Ils vivent la nuit, Dennis Lehane, Éditions Rivages

Suite du mythique Un pays à l’aube, Ils vivent la nuit est peut-être un poil en retrait du tome un de la trilogie de Dennis Lehane. Mais c’est quand même un sacré bon bouquin. Les deux livres ont d’ailleurs été portés à l’écran. C’est n’est pas une gage absolu de qualité, mais ça constitue un indice. Les deux tomes sont tous deux difficiles à classer : romans noir, thrillers, romans américains ou pourquoi pas romans historiques tant ils nous apprennent sur la sortie de la Première guerre mondiale en Amérique. On pourrait même vanter leur actualité. Car Un pays à l’aube démarre avec la grippe espagnole qui tua un demi-million de personnes rien qu’aux States, soit plus que ce qu’on peut craindre du Covod19 aux États-Unis. Et pourtant Trump y met du sien. Ils vivent la nuit, qui se déroule en partie pendant la grande dépression, nous aide aussi à comprendre la période actuelle. C’est une des richesses que nous offrent les écrits de Dennis Lehane en plus de leurs qualités narratives. On avait quitté la famille Coughlin dans le Boston de la fin des années vingt. On la retrouve en pleine Prohibition en 1926. L’alcool coule à flots pour le plus grand bonheur de la pègre. Thomas Coughlin est toujours commissaire de police. Danny, héros de l’épisode précédent est parti.

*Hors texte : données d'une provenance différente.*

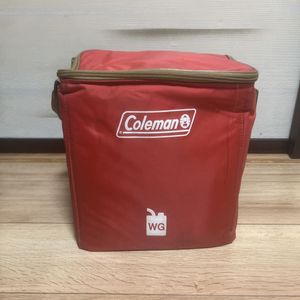 Coleman コールマン クーラーボックス フューエルキャリーケース アウトドア【2026012805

Si les chefs de gang sont pétris de qualités, du dynamisme au management, ils n’ont jamais fait preuve du sens de l’humour

Place à Joe, le petit dernier, que l’on avait laissé aux portes de l’âge adulte. C’est désormais un apprenti gangster qui tente de faire sa place alors que la concurrence est rude. Mal lui en prend de braquer un tripot clandestin du caïd local. Et surtout de lever sa maîtresse. Car si les chefs de gang sont pétris de qualités, du dynamisme au management, ils n’ont jamais fait preuve du sens de l’humour. Cela vaut à Joe un long séjour au pénitencier de Charlestown histoire de poursuivre sa formation dans l’apprentissage de l’horreur. Dans cette prison, on y meurt plus souvent sous le couteau des autres détenus que de la chaise électrique. Mais Sacco et Vanzetti, deux anarchistes italiens y sont passés, ce qui fit tomber le réseau électrique lors de leur exécution. Joe survit avec difficulté sous la protection d’un vieux parrain Maso Pescatore, sort du pénitencier, et migre vers Tampa en Floride. À charge pour lui de développer la vente d’alcool sur place pour le compte du Capo mafioso. Cuba est à côté, la canne et le rhum sont avec les cigares la spécialité locale. Ce serait dommage de ne pas en profiter. La richesse psychologique de Joe, avide de réussite mais encore marqué par son éducation, la découverte du Sud luxuriant, les agissements du Ku Klux Klan qui rejette aussi bien les Noirs, les Cubains que les Italiens, tout concourt à la confection d’une histoire passionnante. Une de plus pour Dennis Lehane qui nous amènera sans faute à lire le tome 3.